→ What the task asks
Write out the lines below exactly, beginning at the one with "The rice is" and stopping after the one with "That's our results"; the pictures are not copied.

→ The data

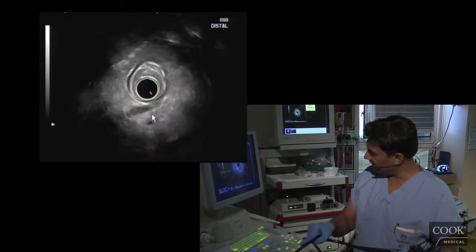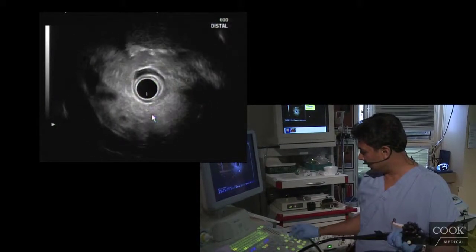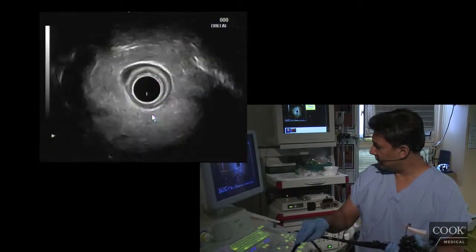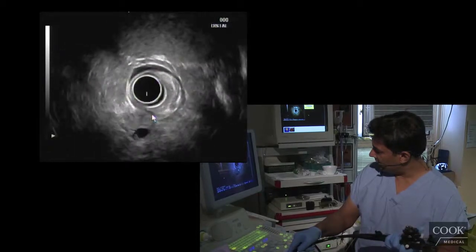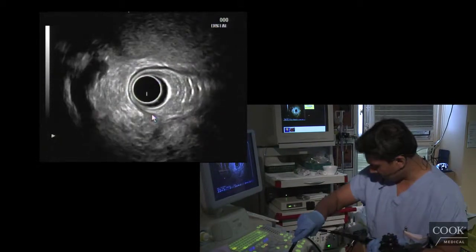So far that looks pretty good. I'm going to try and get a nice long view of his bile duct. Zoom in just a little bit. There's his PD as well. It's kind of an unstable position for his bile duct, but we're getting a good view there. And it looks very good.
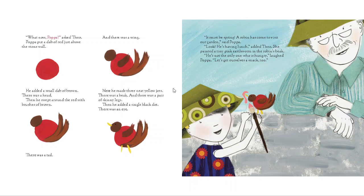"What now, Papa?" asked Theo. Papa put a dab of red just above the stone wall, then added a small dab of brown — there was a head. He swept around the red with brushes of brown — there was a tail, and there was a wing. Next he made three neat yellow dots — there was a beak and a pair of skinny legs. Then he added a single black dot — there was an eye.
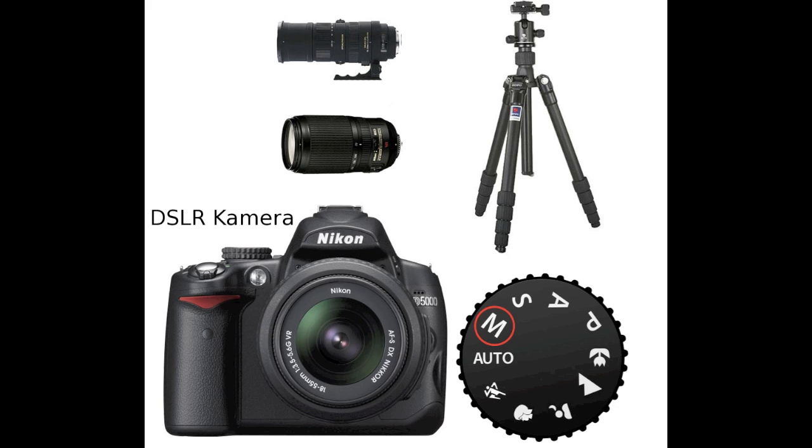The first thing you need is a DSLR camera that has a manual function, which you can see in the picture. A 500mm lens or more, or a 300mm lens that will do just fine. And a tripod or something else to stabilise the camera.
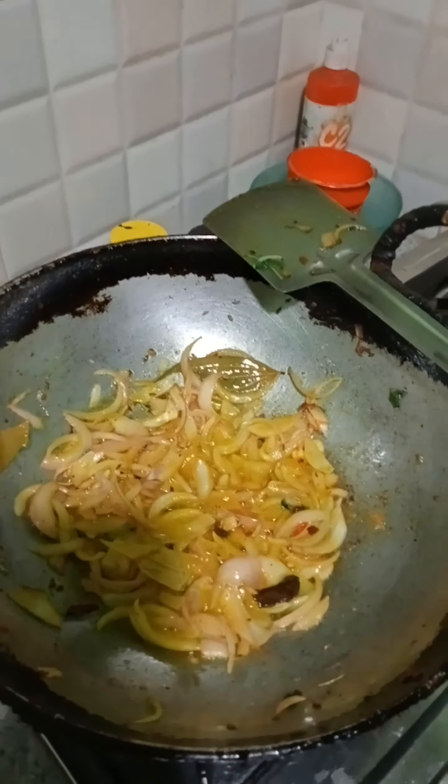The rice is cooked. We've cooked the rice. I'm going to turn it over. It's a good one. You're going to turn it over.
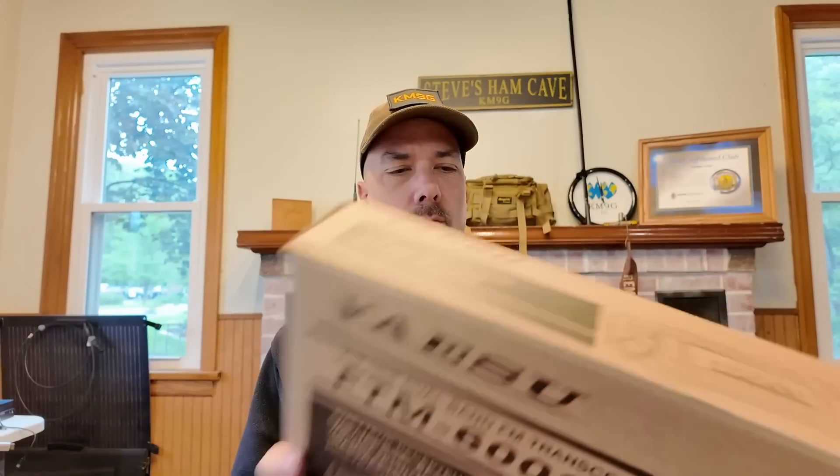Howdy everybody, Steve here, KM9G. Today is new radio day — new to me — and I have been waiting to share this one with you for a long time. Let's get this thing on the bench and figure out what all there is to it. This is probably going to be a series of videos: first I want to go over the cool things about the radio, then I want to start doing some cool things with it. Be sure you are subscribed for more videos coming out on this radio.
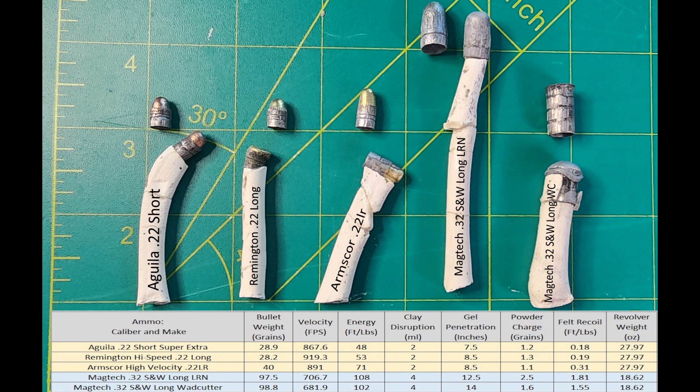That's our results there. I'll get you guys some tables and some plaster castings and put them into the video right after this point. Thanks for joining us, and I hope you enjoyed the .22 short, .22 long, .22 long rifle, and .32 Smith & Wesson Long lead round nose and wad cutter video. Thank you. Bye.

--

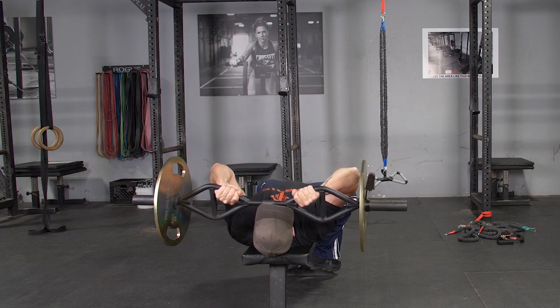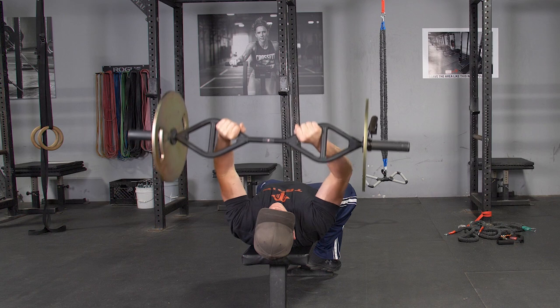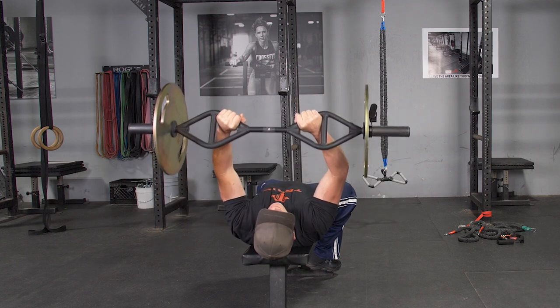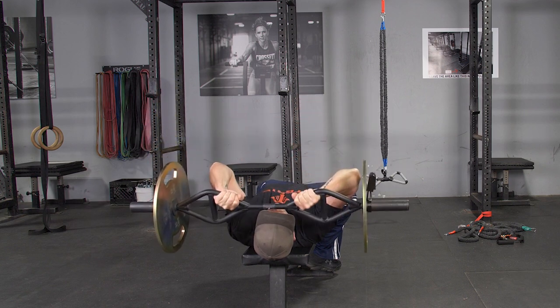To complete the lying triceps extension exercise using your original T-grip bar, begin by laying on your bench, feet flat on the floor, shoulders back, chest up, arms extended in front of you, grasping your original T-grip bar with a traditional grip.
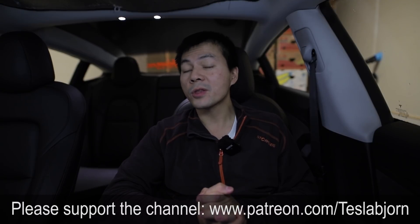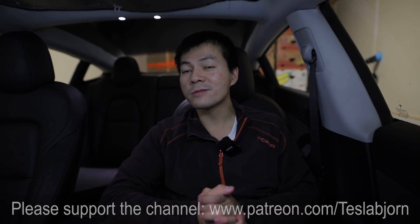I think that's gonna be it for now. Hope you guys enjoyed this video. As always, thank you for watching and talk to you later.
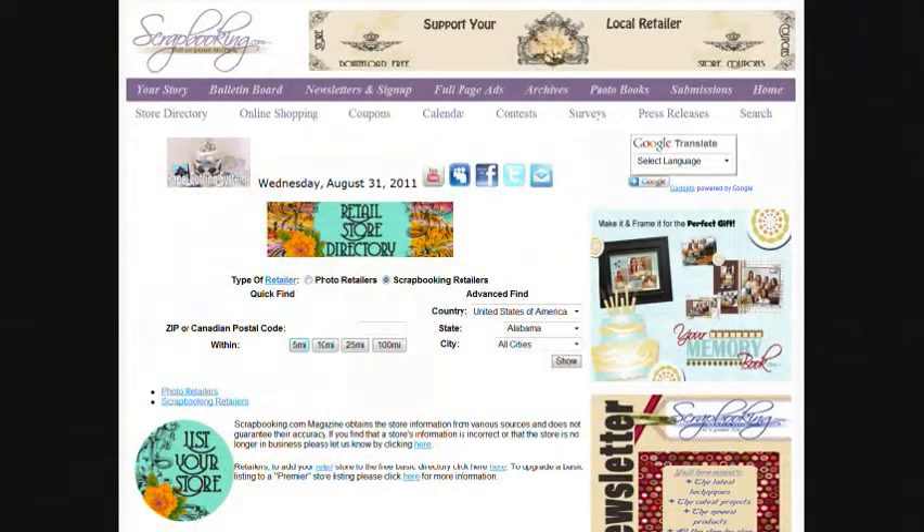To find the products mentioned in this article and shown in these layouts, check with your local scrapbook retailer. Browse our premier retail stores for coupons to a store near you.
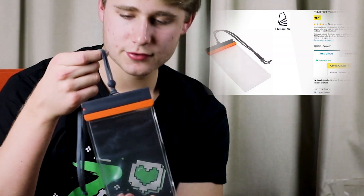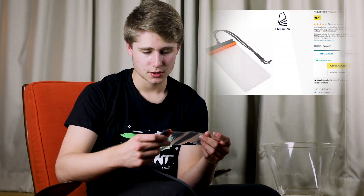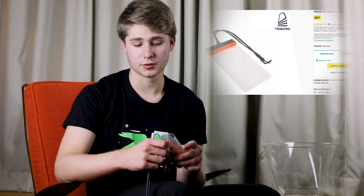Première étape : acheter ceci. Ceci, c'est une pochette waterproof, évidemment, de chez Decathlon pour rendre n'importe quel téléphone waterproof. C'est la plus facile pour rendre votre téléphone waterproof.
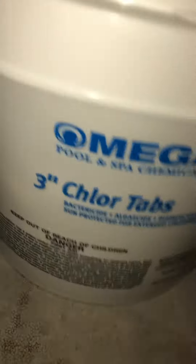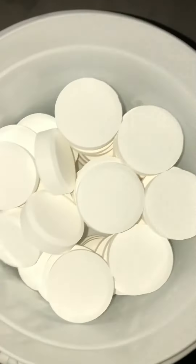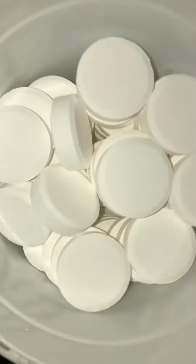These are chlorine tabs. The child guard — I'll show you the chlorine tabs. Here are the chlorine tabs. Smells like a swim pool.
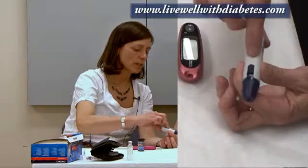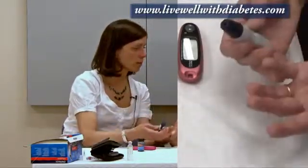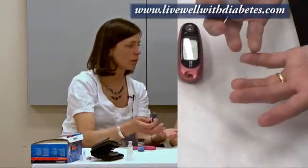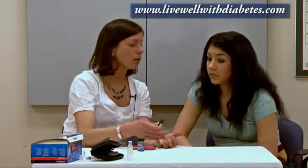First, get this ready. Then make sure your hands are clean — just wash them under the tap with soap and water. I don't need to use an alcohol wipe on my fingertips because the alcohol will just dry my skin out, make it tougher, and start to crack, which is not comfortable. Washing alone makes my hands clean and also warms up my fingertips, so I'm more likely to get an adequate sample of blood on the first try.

→ Output
The rice is cooked. We've cooked the rice. I'm going to turn it over. It's a good one. You're going to turn it over.
Howdy everybody, Steve here, KM9G. Today is new radio day — new to me — and I have been waiting to share this one with you for a long time. Let's get this thing on the bench and figure out what all there is to it. This is probably going to be a series of videos: first I want to go over the cool things about the radio, then I want to start doing some cool things with it. Be sure you are subscribed for more videos coming out on this radio.
That's our results there. I'll get you guys some tables and some plaster castings and put them into the video right after this point. Thanks for joining us, and I hope you enjoyed the .22 short, .22 long, .22 long rifle, and .32 Smith & Wesson Long lead round nose and wad cutter video. Thank you. Bye.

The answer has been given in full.